With Mudiay at the point and a team that plays half its games at high altitude, Monroe wants to take advantage of that and get out and run. Expect the Nuggets to get back to their traditional up-tempo games, but with some things Malone loves to run (such as the Rick Adelman corner action).

But for Malone, all things — including good transition basketball — starts with defense. You have to get stops and steals to run well, and the Nuggets were 26th in the league in defensive rating last season (105.5 points allowed per 100 possessions). In the first two Nuggets preseason games, that was the Nuggets focus (with mixed results).

Malone’s challenge starts with getting Kenneth Faried to buy in and play as hard on defense as he does on offense — something Faried has never done. Faried has been a defensive minus since he entered the NBA and that becomes one of Malone’s first major projects (even if it’s just to boost Faried’s trade value). Faried, who clashed with Shaw over his role, has said he’s felt energized under Malone, now the coach just has to steer that energy to the defensive end of the court.

Malone will be searching for the right center to put next to Faried, and I expect that will mean a lot of Jusuf Nurkic (who is young and shows it at times). But also expect to see some small-ball lineups with Faried at the five. Something like Mudiay, Randy Foye, Wilson Chandler, Danilo Gallinari, and Faried. A lineup with some athleticism and shooting that could put up points, but would they get any stops? If Gary Harris slots in for Foye, does that help the defense (Harris is guy Nuggets fans may see more and more of as the season goes on).

The roster is a work in progress, and if you were to bet on the Nuggets doing one thing this season, it should be making trades. Things are going to change.

There are nice pieces on the Nuggets, but not enough of them and with some real questions about how it all fits together. This is not a playoff team this season, not in the West.

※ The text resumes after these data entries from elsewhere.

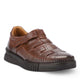 Forelli 44107-H Pedro-H Merdane Ayakkabi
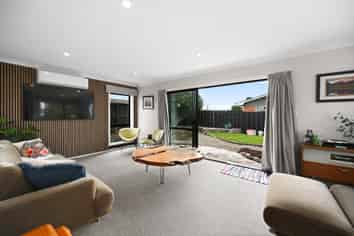 94A Mansel Avenue, Hillcrest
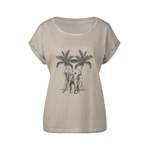 VIVANCE T-Shirt der Marke VIVANCE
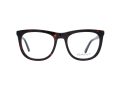 Gant Brillen GA 3260 052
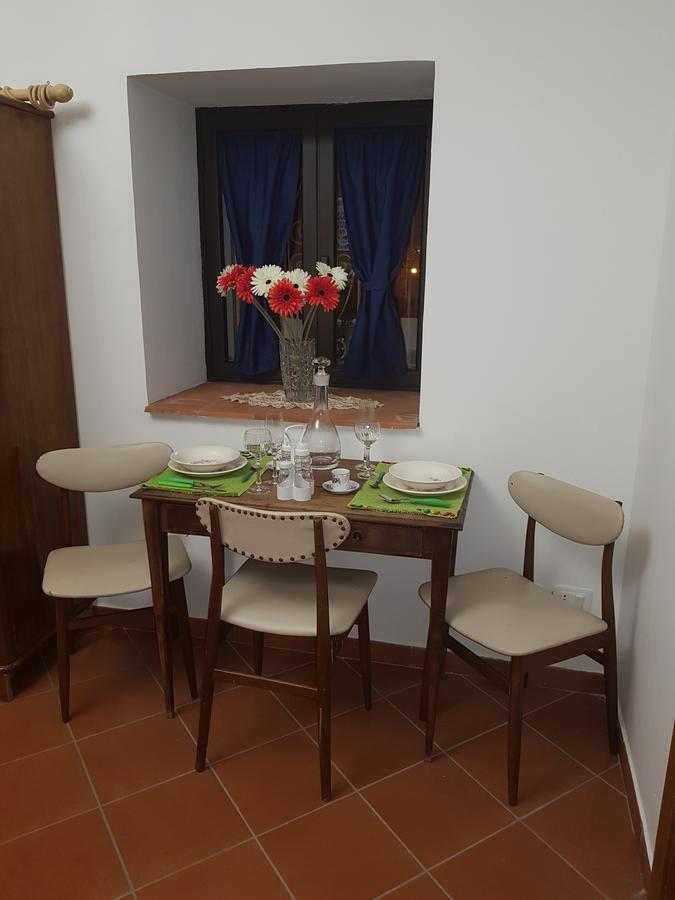 Original Sicily House Villa Santa Venerina Bagian luar foto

But it’s a team that Malone could have playing a lot better late in the season than at the beginning, once some of those questions start to be answered, and the young players gain experience. That should be the goal in Denver. Begin to change the culture, get buy-in on the system, get guys playing hard again rather than dreaming of Cancun vacations by February. Change can be incremental, but Malone will start the change.

Then in a couple of years, you’ve got the team you want.

Well, so long as the Nuggets ownership doesn’t get impatient and decide it needs to change directions again.